# Gionee Elife E7 with Snapdragon 800 launched in India for Rs 26,999



## quagmire (Dec 24, 2013)

> *cdn.ndtv.com/tech/images/gadgets/gionee-elife-e7-launch-635.jpg
> 
> 
> 
> ...



 -Source


----------



## ZTR (Dec 24, 2013)

You forgot to mention that the 16GB comes with 2GB RAM while the 32GB one comes with 3GB RAM.

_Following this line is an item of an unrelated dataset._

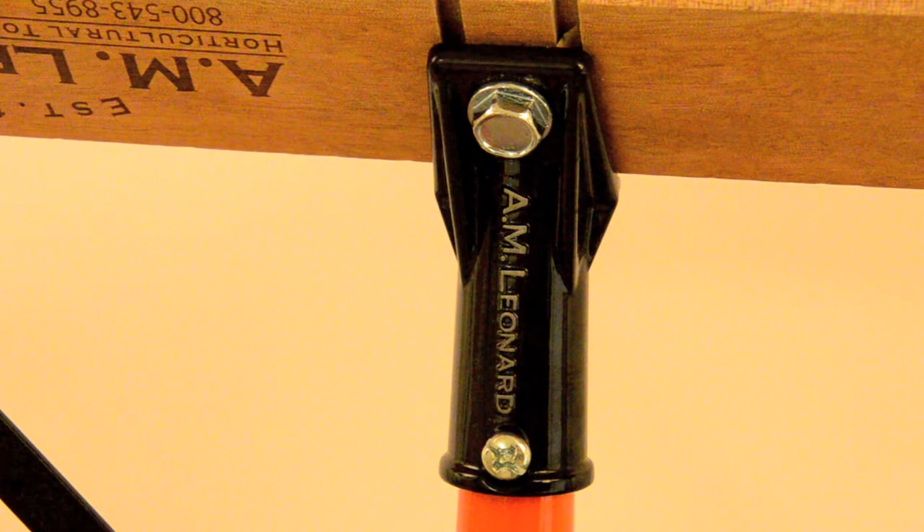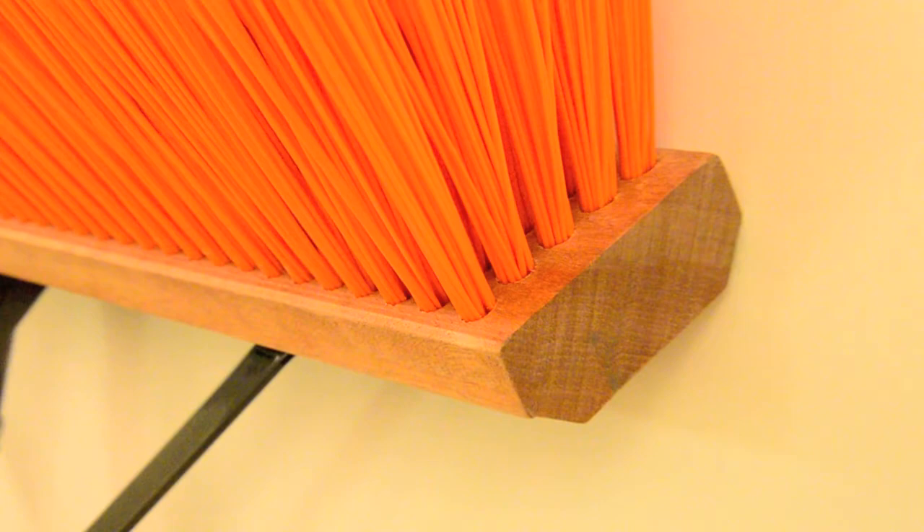What makes a high quality broom? A solid bolted connection between block and broom that holds tight and will not loosen over time. A thick hardwood block that securely holds stapled bristle fasteners and won't fail under heavy use.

Also looks like a great phone for the specs and the price but being a chinese brand it will have a hard time competing againsts the likes of N5,G2,Z1 etc


----------



## omega44-xt (Dec 25, 2013)

On paper its camera is great........ Let's see if its good in real life


----------



## Hrishi (Dec 25, 2013)

The question that comes in context with such expensive device is its after sales. 30k for a non established brand here is kind of difficult to buy.
The phone no doubt is innovative.


----------



## rijinpk1 (Dec 25, 2013)

soon most chinese companies will start shipping 25k+ phones and i really doubt they survive


----------



## quagmire (Dec 25, 2013)

^But none with a Krait 400 processor @2.5Ghz..

Gionee has done something that could prove fatal to local companies like MMX, Karbonn etc..

Snapdragon 800 is very expensive SOC, I wonder how much their profit margin is..


----------



## rijinpk1 (Dec 25, 2013)

quagmire said:


> ^But none with a Krait 400 processor @2.5Ghz..
> 
> Gionee has done something that could prove fatal to local companies like MMX, Karbonn etc..
> 
> Snapdragon 800 is very expensive SOC, I wonder how much their profit margin is..




yep, i agree that. the chipset is very powerful. what i intended to say is that these chinese companies will start shipping 25k+ phones with a lower end/underpowered chipset. it is what going to happen likely.


----------